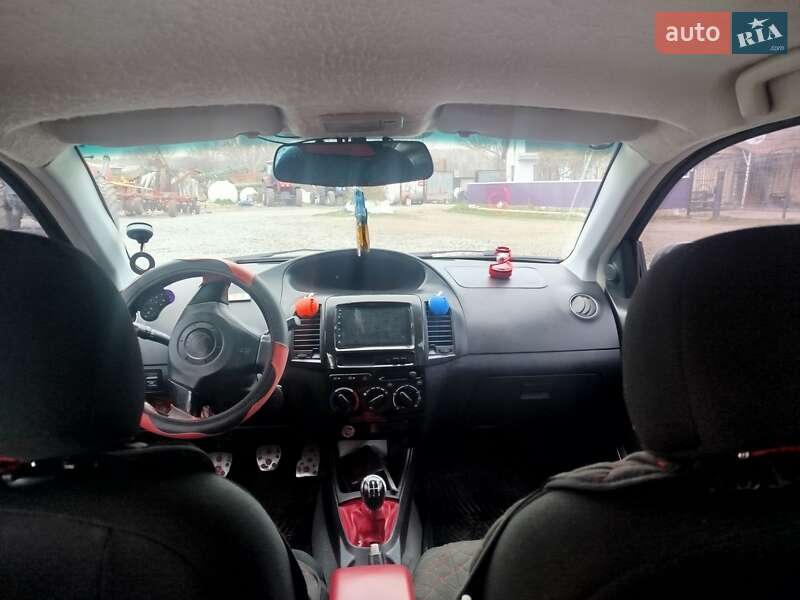 Хэтчбек Geely MK Cross 2012 в Озерянах фото 3 Хэтчбек Geely MK Cross 2012 в Озерянах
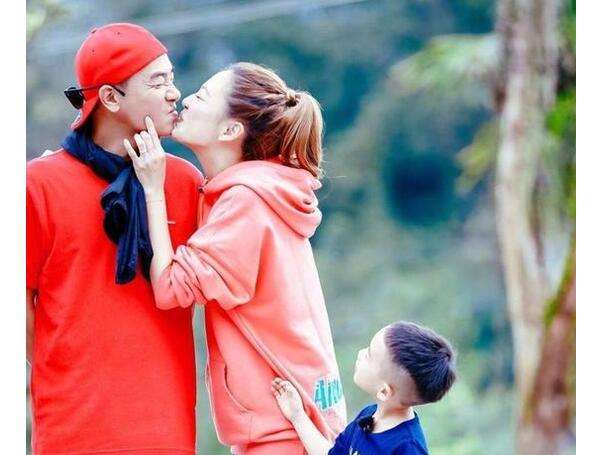 陈小春力挺张柏芝两人什么关系  应采儿评价张柏芝这样说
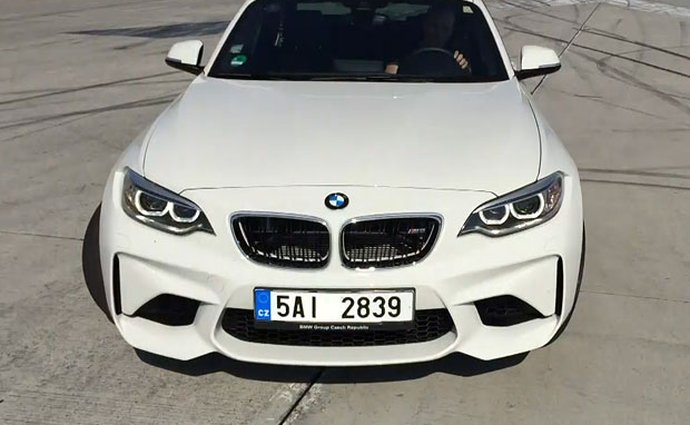 Video: Jak se driftuje s BMW M2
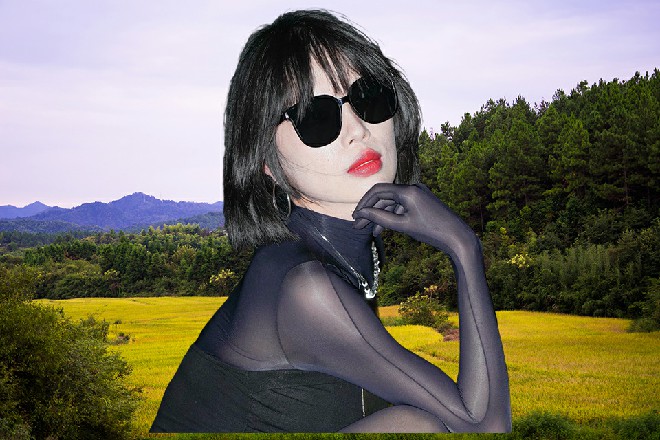 何千语失去了立足点，在空中一个翻身，向着地面落去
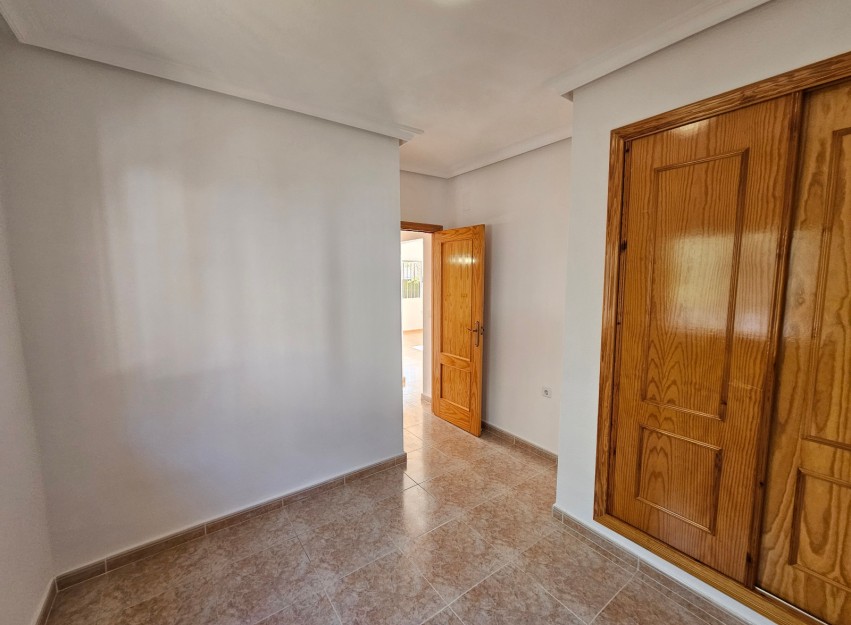 Resale - Villa - Algorfa - Montemar
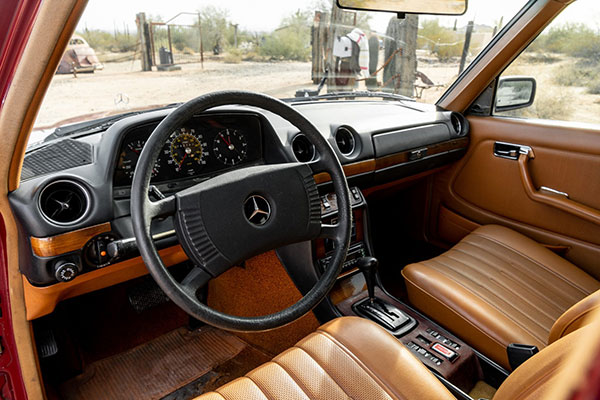 Mercedes-Benz की यह कार चल चुकी है 12 लाख किलोमीटर, अब हो रही है नीलाम, देखें तस्वीरें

• _PROBLEM_
In your copy of the entries above, keep the text exact and leave out the pictures.

• _SOLUTION FOR THIS EXERCISE_
 Хэтчбек Geely MK Cross 2012 в Озерянах фото 3 Хэтчбек Geely MK Cross 2012 в Озерянах
 陈小春力挺张柏芝两人什么关系  应采儿评价张柏芝这样说
 Video: Jak se driftuje s BMW M2
 何千语失去了立足点，在空中一个翻身，向着地面落去
 Resale - Villa - Algorfa - Montemar
 Mercedes-Benz की यह कार चल चुकी है 12 लाख किलोमीटर, अब हो रही है नीलाम, देखें तस्वीरें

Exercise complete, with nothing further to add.